Illegal Immigrants Move from America’s Edges to the Center
Unauthorized immigrants have long been relegated to the fringes of the U.S. labor market. But according to a recent Pew Research Center study, that contingent is moving toward the center — at least in the geographic sense.
Illegal immigrants are moving away from New York, Florida and the Mountain West states like Arizona, Utah and Nevada, and moving toward states such as Texas, Oklahoma and Louisiana, the Pew Hispanic Center said in a report released last week.
Between 2007 and 2010, Florida’s illegal immigrant population fell by 2.3% to 825,000, marking the largest percentage drop for a single state, while the number of undocumented immigrants in New York fell 2% to 625,000. Arizona, Utah and Nevada’s collective illegal immigrant population fell 1.6% to 700,000.
Meanwhile, the undocumented immigrant population in Texas, Louisiana and Oklahoma rose by 2.4% to 1.8 million people over the same time period. California continues to host the largest population of illegal immigrants by far, accounting for 2.55 million, or 23% of the country’s total last year, according to the report.
Where the Jobs Are
The migration trends of illegal immigrants may offer a more accurate, up-to-the-minute portrayal of how regional economies are doing than the movement trends of U.S. citizens, who are more likely to be tied down by permanent jobs and family obligations.

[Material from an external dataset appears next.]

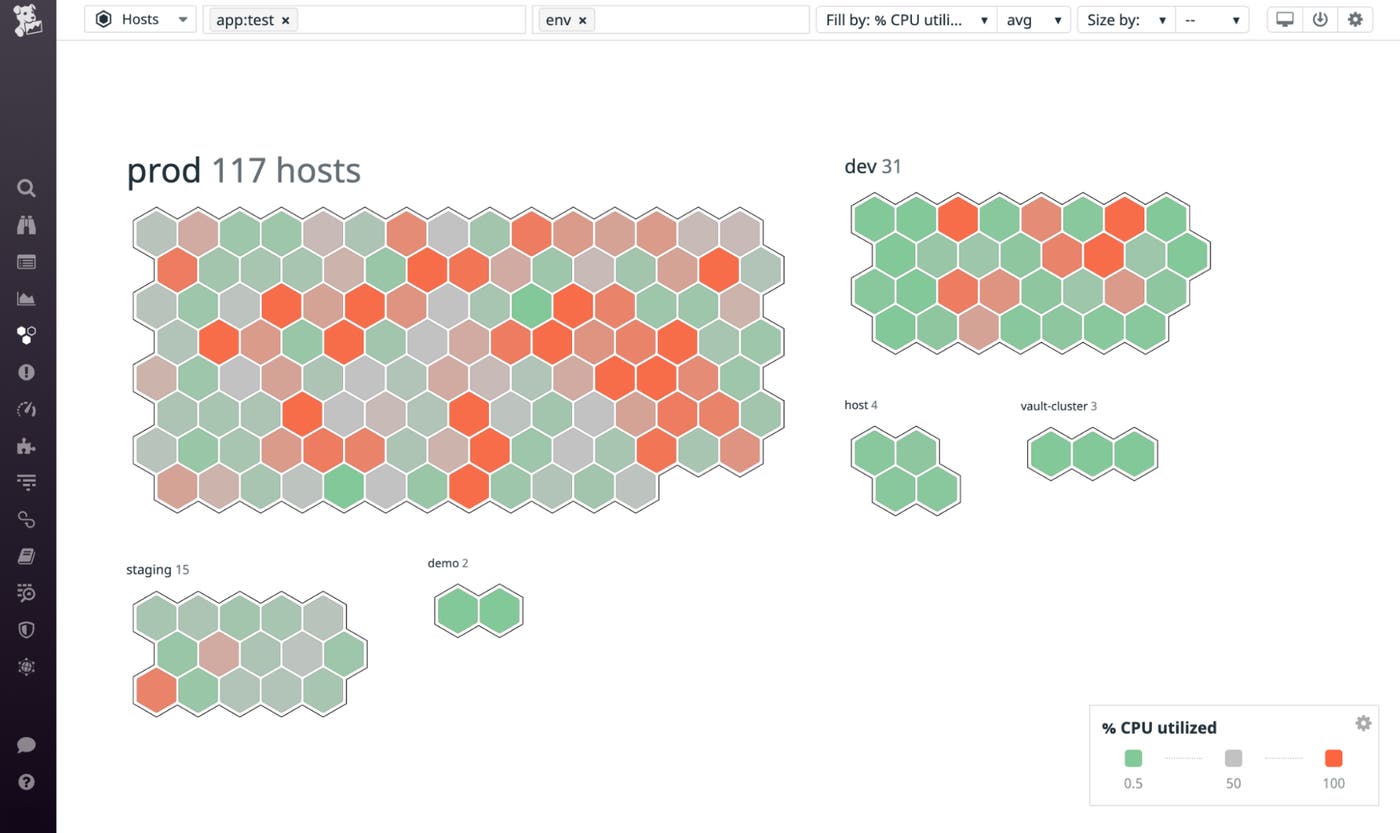The Host map shows hosts grouped by availability zone and uses red to indicate a host with high CPU usage and green to show low CPU usage. The Host map shows hosts grouped by availability zone and uses red to indicate a host with high CPU usage and green to show low CPU usage.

“At the national level, ups and downs in the unauthorized immigrant population tend to be associated with economic changes, so it makes sense that this could be a major factor at the state level, too,” says D’Vera Cohn, senior writer at the Pew Research Center and one of the report’s authors.
For instance, Nevada over the past decade has experienced a classic boom-and-bust economic cycle, with a surge in real estate activity being followed by a steep drop in both housing prices and tourism to Las Vegas. Utah has also seen its economy slow.